ITP Glossary: Kicker

Football is littered with specialized terminology. From climbing the pocket to off man technique, commentators rarely get to explain everything you need to know before the next play. Inside The Pylon’s glossary was developed to give fans a deeper understanding of the game through clear explanations, as well as image and video examples. Please contact us with any terms or phrases you’d like to know more about.

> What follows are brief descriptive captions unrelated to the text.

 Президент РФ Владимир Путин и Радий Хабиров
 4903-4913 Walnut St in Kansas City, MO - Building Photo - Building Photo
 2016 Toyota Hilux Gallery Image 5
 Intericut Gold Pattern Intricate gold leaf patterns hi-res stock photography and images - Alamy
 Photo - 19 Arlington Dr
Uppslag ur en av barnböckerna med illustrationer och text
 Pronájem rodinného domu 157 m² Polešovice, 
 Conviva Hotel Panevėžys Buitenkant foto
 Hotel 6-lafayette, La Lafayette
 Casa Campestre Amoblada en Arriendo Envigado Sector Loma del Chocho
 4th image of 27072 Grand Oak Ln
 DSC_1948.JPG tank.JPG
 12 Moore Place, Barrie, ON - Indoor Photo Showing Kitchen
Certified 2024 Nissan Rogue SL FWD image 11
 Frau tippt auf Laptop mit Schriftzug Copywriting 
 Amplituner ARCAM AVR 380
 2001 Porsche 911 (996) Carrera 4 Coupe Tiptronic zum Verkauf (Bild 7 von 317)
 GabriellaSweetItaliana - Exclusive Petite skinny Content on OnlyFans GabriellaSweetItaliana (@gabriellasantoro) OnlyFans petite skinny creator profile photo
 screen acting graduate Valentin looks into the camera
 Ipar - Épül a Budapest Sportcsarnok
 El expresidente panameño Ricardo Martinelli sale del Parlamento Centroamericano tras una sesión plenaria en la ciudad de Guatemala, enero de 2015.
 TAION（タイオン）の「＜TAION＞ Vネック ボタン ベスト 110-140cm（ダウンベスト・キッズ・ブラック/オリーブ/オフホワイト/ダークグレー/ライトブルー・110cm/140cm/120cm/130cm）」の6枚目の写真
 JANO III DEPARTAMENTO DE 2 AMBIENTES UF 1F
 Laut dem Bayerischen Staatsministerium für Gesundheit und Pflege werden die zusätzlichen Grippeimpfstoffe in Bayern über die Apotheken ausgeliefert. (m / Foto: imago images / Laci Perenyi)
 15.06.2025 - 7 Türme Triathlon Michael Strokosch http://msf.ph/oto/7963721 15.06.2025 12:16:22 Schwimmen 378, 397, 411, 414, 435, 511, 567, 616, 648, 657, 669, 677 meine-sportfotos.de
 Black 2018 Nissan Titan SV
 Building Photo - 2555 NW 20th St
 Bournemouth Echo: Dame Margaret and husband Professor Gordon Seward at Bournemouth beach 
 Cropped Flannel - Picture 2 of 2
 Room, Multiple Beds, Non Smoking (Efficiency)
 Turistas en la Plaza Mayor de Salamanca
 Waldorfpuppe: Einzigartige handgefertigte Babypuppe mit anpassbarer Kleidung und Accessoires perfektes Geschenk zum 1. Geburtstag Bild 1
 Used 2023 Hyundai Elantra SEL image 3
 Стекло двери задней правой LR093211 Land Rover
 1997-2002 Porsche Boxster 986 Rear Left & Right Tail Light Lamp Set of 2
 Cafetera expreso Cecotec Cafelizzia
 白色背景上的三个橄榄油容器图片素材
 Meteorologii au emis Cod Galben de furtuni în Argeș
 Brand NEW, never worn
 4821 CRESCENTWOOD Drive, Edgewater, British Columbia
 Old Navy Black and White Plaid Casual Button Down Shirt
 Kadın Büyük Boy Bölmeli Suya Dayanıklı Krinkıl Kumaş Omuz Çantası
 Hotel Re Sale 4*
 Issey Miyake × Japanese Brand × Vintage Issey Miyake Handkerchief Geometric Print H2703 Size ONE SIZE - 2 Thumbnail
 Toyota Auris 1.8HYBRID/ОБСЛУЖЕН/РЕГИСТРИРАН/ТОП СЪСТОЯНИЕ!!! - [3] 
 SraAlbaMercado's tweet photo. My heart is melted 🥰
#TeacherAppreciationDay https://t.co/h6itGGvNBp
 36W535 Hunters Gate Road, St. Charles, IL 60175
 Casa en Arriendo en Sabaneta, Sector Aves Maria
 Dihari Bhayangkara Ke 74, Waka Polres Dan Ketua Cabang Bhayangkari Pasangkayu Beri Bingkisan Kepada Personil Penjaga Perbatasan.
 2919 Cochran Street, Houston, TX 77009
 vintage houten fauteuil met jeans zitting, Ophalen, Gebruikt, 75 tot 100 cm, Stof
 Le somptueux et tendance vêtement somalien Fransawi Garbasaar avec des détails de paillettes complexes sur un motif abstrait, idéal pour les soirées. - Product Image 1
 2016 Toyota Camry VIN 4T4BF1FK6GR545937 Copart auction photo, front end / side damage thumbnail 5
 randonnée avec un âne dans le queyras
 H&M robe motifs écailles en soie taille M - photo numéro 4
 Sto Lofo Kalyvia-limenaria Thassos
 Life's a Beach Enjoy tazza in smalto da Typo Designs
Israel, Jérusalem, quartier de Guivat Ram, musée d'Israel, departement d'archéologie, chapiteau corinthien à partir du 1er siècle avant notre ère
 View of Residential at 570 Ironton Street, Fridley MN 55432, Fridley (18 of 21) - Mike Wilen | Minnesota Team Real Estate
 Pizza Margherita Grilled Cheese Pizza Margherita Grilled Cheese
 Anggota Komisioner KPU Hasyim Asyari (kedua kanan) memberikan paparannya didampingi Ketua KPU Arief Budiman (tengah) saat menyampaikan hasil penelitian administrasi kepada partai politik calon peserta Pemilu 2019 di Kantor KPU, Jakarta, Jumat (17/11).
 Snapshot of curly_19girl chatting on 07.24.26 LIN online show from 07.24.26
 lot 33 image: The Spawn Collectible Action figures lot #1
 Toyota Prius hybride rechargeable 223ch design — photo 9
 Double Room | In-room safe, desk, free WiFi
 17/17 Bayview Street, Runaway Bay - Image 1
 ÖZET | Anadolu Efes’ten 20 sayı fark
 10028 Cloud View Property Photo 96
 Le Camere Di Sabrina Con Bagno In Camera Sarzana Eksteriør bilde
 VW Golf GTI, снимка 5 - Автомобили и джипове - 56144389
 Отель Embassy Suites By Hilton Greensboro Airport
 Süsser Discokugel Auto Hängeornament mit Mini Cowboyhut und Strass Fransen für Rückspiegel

The kicker is a member of a football team tasked with handling kickoff, field goal, and extra point duties. At high school and college levels, a team may employ multiple kickers for different facets of the kicking game, but in the NFL, teams typically carry just one kicker due to roster limitations. In some situations, a punter may handle kickoff duties in place of the placekicker, but teams rarely have more than two specialists on the roster. Kickers are often significantly smaller than other players on the field, making them a liability in kickoff coverage in the event of a breakaway returner. Placekickers also are the highest-scoring member on many teams, as points scored by skill position players tend to vary widely from week to week.

Kickers are tasked with booming the ball on kickoffs downfield in an attempt to pin the opposing team as deep as possible:


Typically lining up 7-10 yards behind the ball, the primary goal of a kicker on this play is to generate significant lift and distance:


The still above shows the Miami Dolphins set up in 5×5 alignment on kickoff, ready to kick deep to the Buffalo Bills. Kicker Caleb Sturgis is just outside the left hash as he takes a soccer-style approach to strike the ball that is just inside the hash on the 35-yard line.

Kickers may also utilize onside kicks, squib kicks, and pooch kicks on kickoffs in which they seek to avoid kicking the ball directly to a dangerous returner.

On field goals and extra points, the kicker’s responsibility is to strike the ball through the uprights after a successful catch and placement by the holder:Gostkowski-Scobee

The still above shows kickers Stephen Gostkowski and Josh Scobee just after making contact with the ball on field goals. Field goal attempts need to gain significant height prior to the line of scrimmage in order to avoid being blocked by opposing players, often requiring more than 11 feet of elevation to ensure a safe kick.

Although kickers are typically poor tacklers, in recent years, kickers have begun to show improved tackling skills.